Lorry and bus drivers working for a London council are to be sent on training sessions in cycling road safety.
More than half of all fatal cycling accidents on the English capital's roads involve good vehicles.
Now drivers of bin lorries, school buses and other HGVs at Lambeth Council will undergo classroom and practical on-road cycle training to highlight the dangers posed to cyclists caught up in lorries’ blind spots.
Lambeth is believed to be the first council in London to give this kind of training to its staff.
Starting from November, the classroom sessions will see drivers taught how to anticipate how cyclists will behave on the road and minimise the danger of them being killed or injured.
The drivers will then get onto bikes, to give them greater understanding about cycling and a chance to see what it feels like to be a cyclist on a road with other traffic, including large vehicles like the ones they drive.
In addition to the training, signs will be installed on the back of Lambeth’s vehicles to warn cyclists of the dangers of cycling inside a lorry or bus.

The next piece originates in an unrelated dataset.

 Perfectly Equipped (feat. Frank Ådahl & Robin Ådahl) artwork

The council has also been running HGV awareness sessions for cyclists, where they can climb into the cabs of lorries to see how drivers’ views are restricted.
The initiatives have been developed in partnership with the council’s environmental contractor, Veolia Environmental Services, and Cycle Training UK. The move coincides with National Road Safety Week, which begins on Monday.
Councillor Sally Prentice, Lambeth Council's cabinet member for environment, said: “London has the potential to be a world class cycling city. More and more people are taking it up and figures show that although twice as many people are cycling now in the borough than 10 years ago, the number of those being injured in collisions has not risen.
“However, half of all fatalities involve heavy goods vehicles. While there have been no incidents involving cyclists and vehicles driven by Lambeth staff in recent years, we are making sure our drivers get specific training that makes them more aware of the dangers their can lorries pose.
“We hope that other organisations that employ HGV drivers follow our lead on this and run similar training schemes so we can make London a safer place for cyclists. The council is happy to work with companies to promote these initiatives.”
In 2006, the latest year for which figures are available, nine of the 19 cyclists who died on London’s roads were involved in a collision with a goods vehicle.
Cycling in Lambeth is getting safer. Despite the number of those cycling in the borough almost doubling since 2000, the number of those killed or seriously injured on Lambeth’s roads has remained at around 36 since 1994. In 2006, the figure dropped to 27. Five cyclists have been killed on Lambeth’s roads in the past five years.